The second Dow demonstration was a mess. The great political issue was whether or not to push William Bentick-Smith out of the doorway he filled at Massachusetts Hall. Bentick-Smith was not doing anything unusual. Massachusetts Hall has been locked to undergraduates for 300 years. And even if they could get inside--even if this time they could have entered the sanctum of the Administration--they would not know what to do with themselves.
And so, on to University Hall--gray grooved blocks across the Yard. It was so much more comfortable. The Deans love you, and they welcome you, tell you where to sit (check your Bursar's card to make sure you are one of them). It was peaceful and chatty and comfortable. But even here, on our side of the Yard, no one knew quite what to do. Like the fast--if there are no demands, there is no purpose; if there is no purpose, nothing happens. So nothing happened.
AND WE ARE disillusioned. "Nothing works," you say. "The war goes on, and Harvard is pouring millions into the War Economy, and Harvard has all those ties with the Government. And we try, and, well, nothing happens, nothing works." But it is surprising. You never could move the U.S. Government. It's not much easier to move a 300-year-old corporation with a billion dollars in assets.
It is wrong to read too much significance into the target shift of the Left's offensive from the Government to the University. The overwhelming SDS vote to concentrate on Harvard meant mainly that it was a far easier and a far safer target for action at the time. If activists had been serious about moving against the University--and they should have been--plans would have been made longer in advance, the day for the Massachusetts Hall sit-in would have been the day of a corporation meeting, demands would have been set, real investigations into Harvard's finances would have been made. Since the beginning of the year, we have heard only empty threats of the apocalyptic exposure of complicity, passive grumblings about all that Harvard money in all those armament-makers' coffers (recently even the old red herring of Mississippi Power and Light).
THERE are legitimate issues here, and, at this crucial time in everyone's personal history, it is important to make them clear now and to act on them now. It is a fine thing to stir up moral indignation. Perhaps it will get those who care sufficiently upset to think seriously about avoiding service in this war.
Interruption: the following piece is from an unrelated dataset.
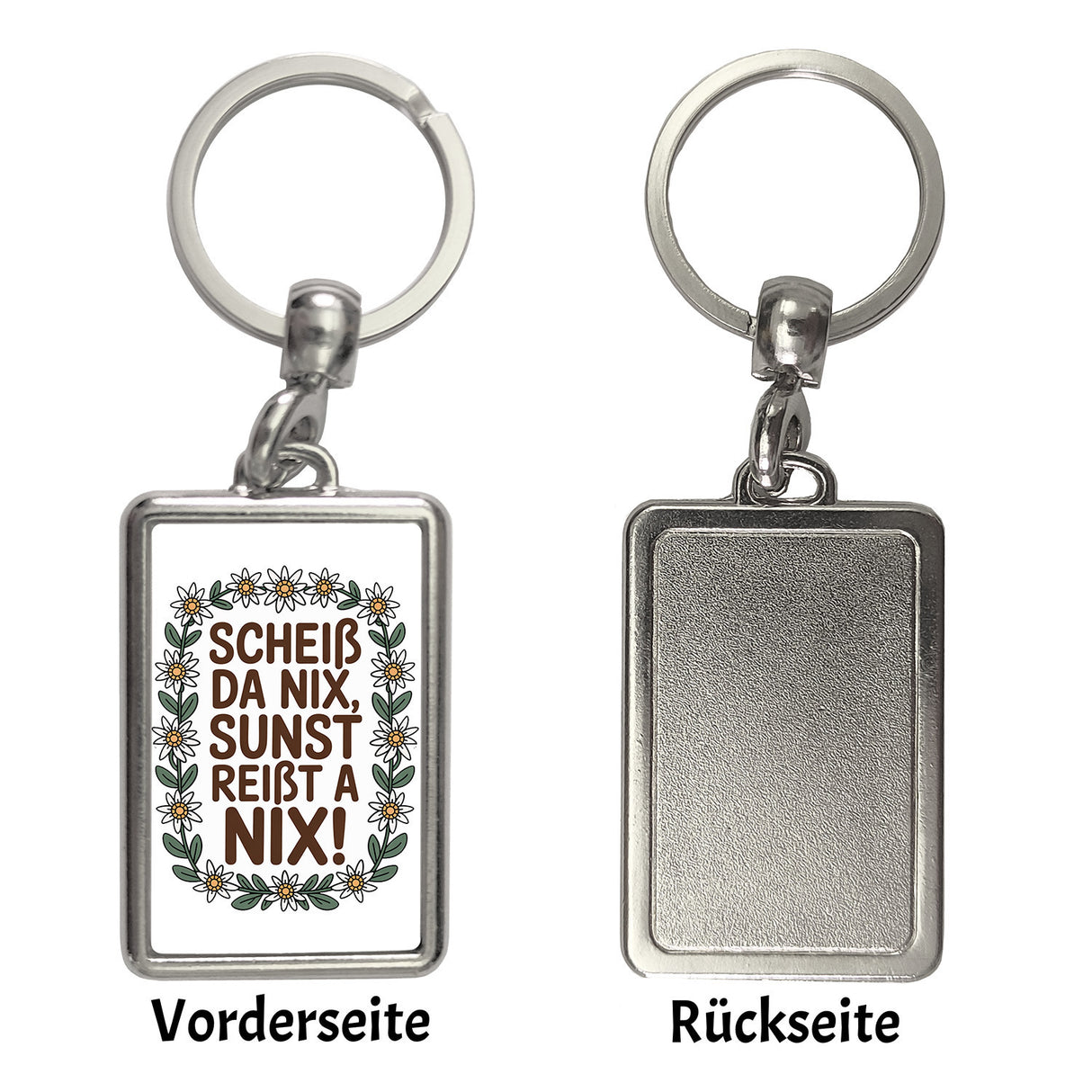 Scheiß da nix, sunst reißt a nix! Schlüsselanhänger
All the leadership -- wherever it is -- in the movement here has succeeded in doing is confusing people. At a time when solidarity as well as coherence is all-important, SDS, for all its highly-touted organizational abilities, still suffers from a kind of backlash prejudice, and its substantive activities this year have been far from spectacular.
Concentrating on the University is a good idea. But it seems that the best way to approach University involvement in the war is by attacking President Pusey's concept of Harvard as an institution. Pusey has said that as an institution Harvard should not try to effect social change. Its job is only to produce individuals who will effect social change. This is the basis for the myth of University neutrality.
Just because Harvard refuses to take stands as an institution does not mean that it is neutral. It has over $600 million invested in stocks, much of that in large corporations that benefit from the war. No one is asking the University to unload the stocks and buy something neutral, like Swiss Savings Bonds. But the first step is to force the University to realize that it is contributing to this war, whether it can help it or not.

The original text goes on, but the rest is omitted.